One of the basic assumptions shared by all connectionist models of reaction time is that mental codes form gradually, through the  accumulation of evidence over time based on input information.  For example, when a blue stimulus appears, information from the sensory signals gradually causes evidence to accumulate in favor of the stimulus code representing the color blue.  In the language of connectionist networks, the activation of the stimulus unit for the color blue gradually increases over time. A mental code can be thought of as “completely formed” once activation in the appropriate unit has reached some criterion level.  Activation  in a stimulus unit can trigger the accumulation of activation in a response unit either right away, or after a decision threshold is met, depending on whether the model assumes stages or continuous processing. The ultimate speed of performance is determined by how long it takes for activation of the motor units to reach some “decision criterion,” indicating that the motor codes have been fully formed.

This idea evolved out of the combination of three ideas.  Signal detection theory (Green & Swets, 1966; Swets, 1964; Tanner & Swets, 1954) suggested that detecting a particular stimulus (i.e. forming a particular stimulus code) is a statistical decision: the signals that you get from your sensory system are subject to variability, so although a particular stimulus characteristic on average produces a particular sensory signal, there will be times when the signal appears without the stimulus being there, and there will be times when the signal fails to appear when the stimulus is there.  So, you have to use a decision threshold for how strong the signal has to be so that you are most likely to detect it when it is there, but least likely to think it is there when it is actually not.
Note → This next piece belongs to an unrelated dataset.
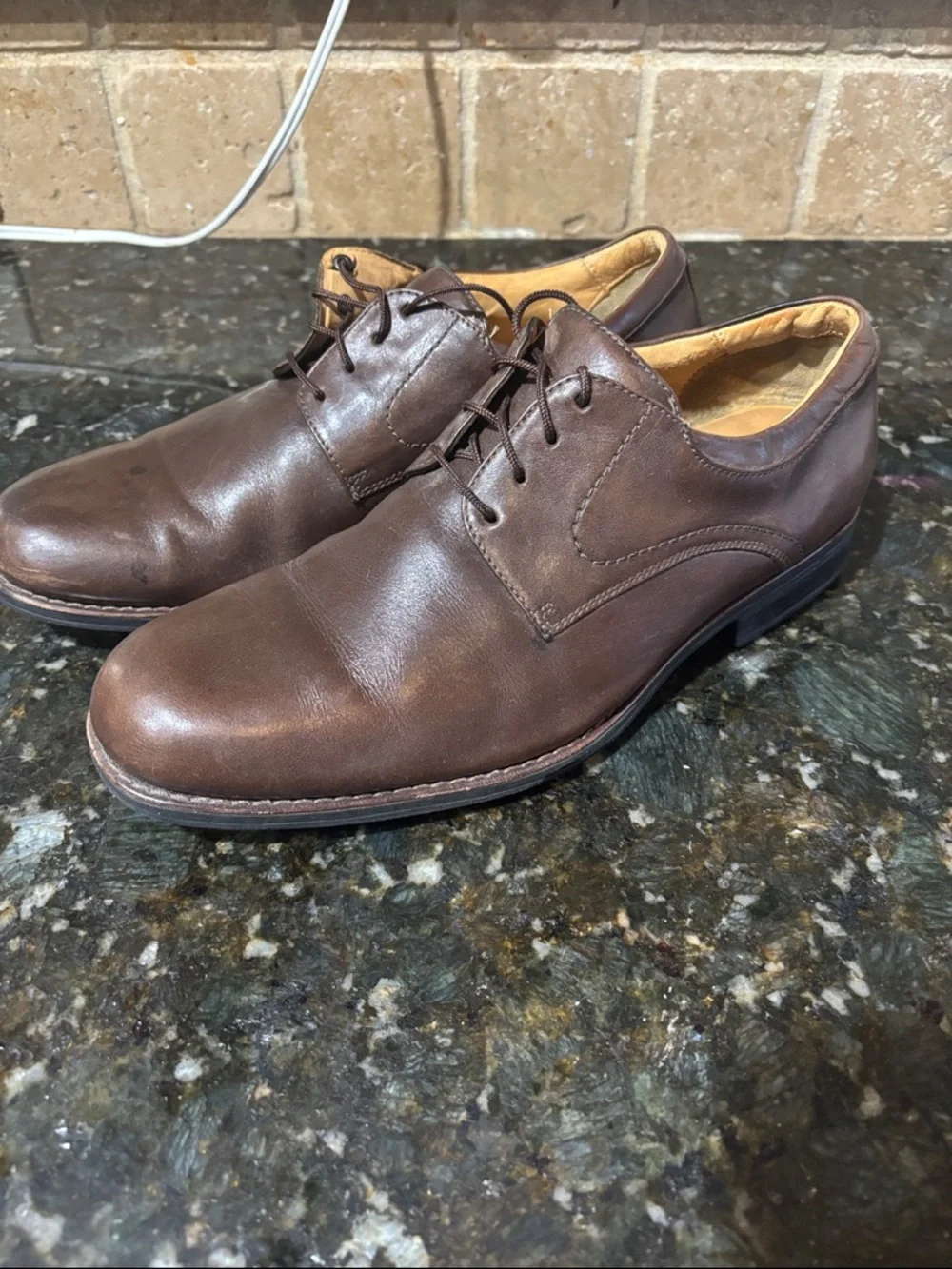 Johnston & Murphy Brown Leather Shoe! Men’s 10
Stimulus sampling theory (Estes, 1950, 1955) introduced the idea that perception involves repeated sampling of a stimulus over time, allowing signal detection theory to be extended over time (see, e.g., Pike, 1973).  The statistical decision tool called sequential sampling and optional stopping (Wald, 1947) is used whenever you do not want to sample more data than necessary, to determine the number of times a signal has to be sampled in order to make a confident decision about its value.  According to this method, each additional sample of information modifies your cumulative level of confidence, allowing you to continue sampling information until your confidence is high enough to meet some decision criterion, at which point you stop sampling.
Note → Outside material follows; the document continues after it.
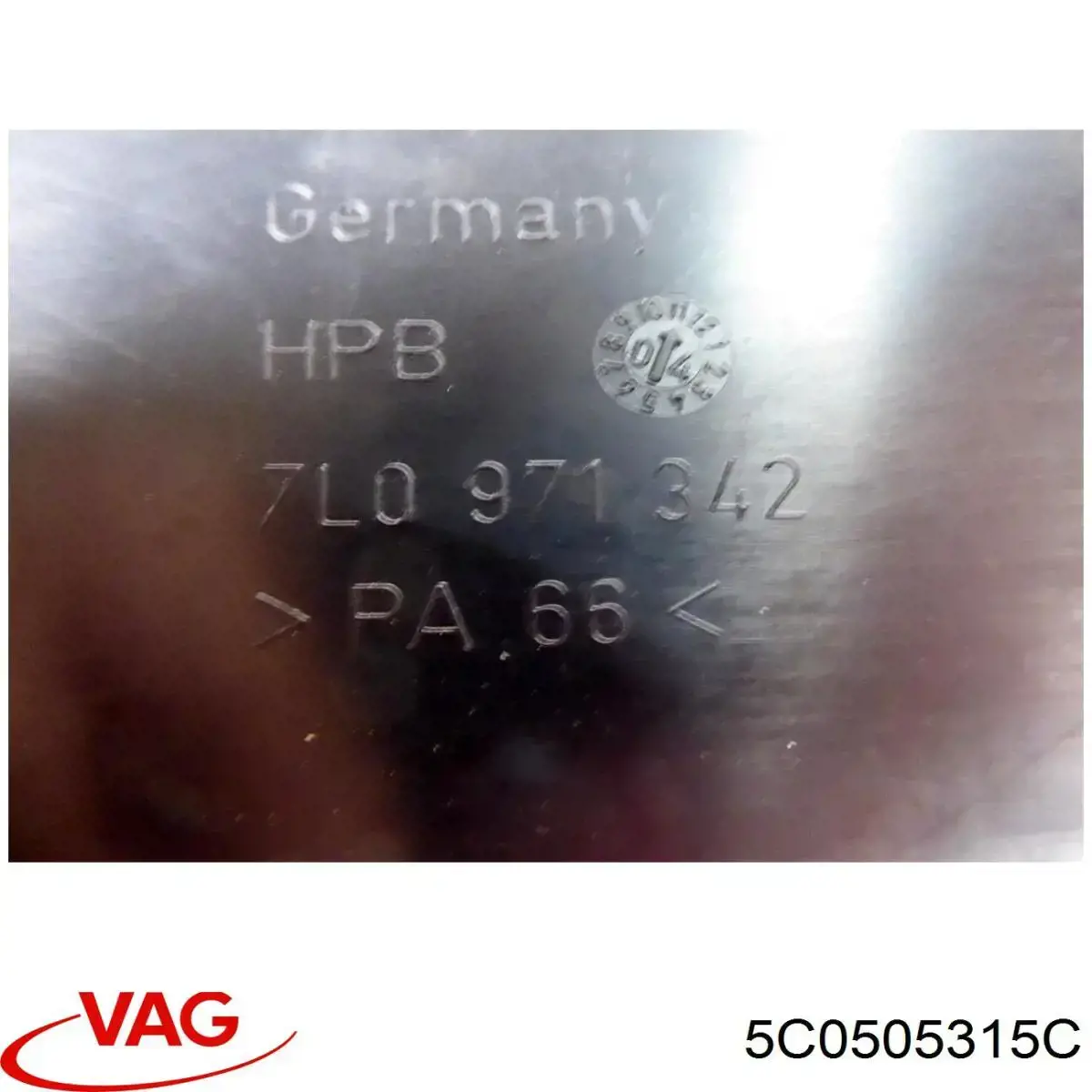 Compre 5C0505315C VAG Viga de suspensão traseira (plataforma veicular)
This idea was immediately incorporated into a large number of psychological models of performance in CRT tasks (e.g. Audley, 1960; Audley & Pike, 1965; LaBerge, 1962; McGill, 1963, 1967; Stone, 1960; Vicker, 1970).  Although the details of these models differ, the basic premise is the same: evidence for each stimulus code accumulates over time, due to repeated sampling of sensory information, until a decision criterion of some sort is reached, indicating that the code has been fully formed and the stimulus has therefore been fully identified (see Luce, 1986, for more details).  Currently, two major types of models based on this premise are being pursued: diffusion models (Ratcliff, 1978, 1980, 1981, 1988) and the connectionist models discussed here.

Most connectionist models use the same equation to determine how activation changes over time, drawing on the first connectionist model of performance, McClelland’s (1979) Cascade model.  McClelland proposed that units be understood as first-order linear integrators, so that their activation at any given point in time is a time-averaging function of their input.  When units like this are given a constant input, their activation will asymptotically approach that input value according to a “loading curve”: approaching the input level at a rate proportional to how far away it is from the input.  This function actually first appeared in a psychological model proposed by Grice (1972, 1977; Grice, Nullmeyer, & Spiker, 1982), although he rarely gets credit for this contribution (see Luce, 1986).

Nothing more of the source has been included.